Jesus, stooping down, with His finger began to write in the sand, and they continued to press Him. “What do you say?” He’s writing in the sand, and He stands up and says, “Let him that has no sin among you cast the first stone.” He stooped down and began to write in the sand again. One of the great mysteries is that we don’t know what He was writing in the sand. I think the best theory or guess is that He was writing down the ten commandments and through that they were seeing their sin and began to slither out. The Bible says beginning from the eldest to the least that they all began to walk away. It’s also possible that He was actually writing down their very names and the sins that they were guilty of. It’s possible that Rabbi Hillel in the group maybe looked over, or Rabbi Shimei looked over and saw his name and some of his sins and said, “You know, I have to get to the dentist right now. I just gotta get outta here,” and he just took off. “You know, I have an urgent dental appointment,” and he’s gone. So, Jesus then looking up at this woman standing there alone says these words, “Woman, where are thine accusers? hath no man…,” and here’s the tie-in, “…condemned thee?” Now, what did she say? She said, “No man, Lord.” And then what did Jesus say? “Neither do I condemn thee,” and this is the second point, “go, and sin no more.”

I could say a lot about that story, but let me point out two things that are pertinent to our text tonight.
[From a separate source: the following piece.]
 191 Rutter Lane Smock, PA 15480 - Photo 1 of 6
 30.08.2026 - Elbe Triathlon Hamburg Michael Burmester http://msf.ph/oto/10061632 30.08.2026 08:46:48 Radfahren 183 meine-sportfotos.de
Jesus said, “Neither do I condemn thee.” He was doing that in anticipation of His future death on the cross, that He would die for her sins and that she could be forgiven; in the context of Romans, that she could be justified or declared righteous. Romans 8:1 opens with, “There is therefore now no condemnation to them which are in Christ Jesus.” “Neither do I condemn thee.” If you were to put those in categories, the condemnation spoken of in Romans 8:1 and the condemnation that Jesus said does not exist for this woman would be our justification. Jesus looks at us, and God looks at you and says, “Neither do I condemn you.” Jesus went to the cross to die for our sins and to pay our debt. Therefore, we have no condemnation, but the second point is more pertinent to our text tonight. What did Jesus go on to tell this woman? He said, “Go and sin no more.” That’s sanctification. That’s Romans 8, verses 2-4. As a matter of fact, it’s Romans 8, most of the chapter. It starts with no condemnation and then it goes to no separation, but in between it’s how we live in sanctification.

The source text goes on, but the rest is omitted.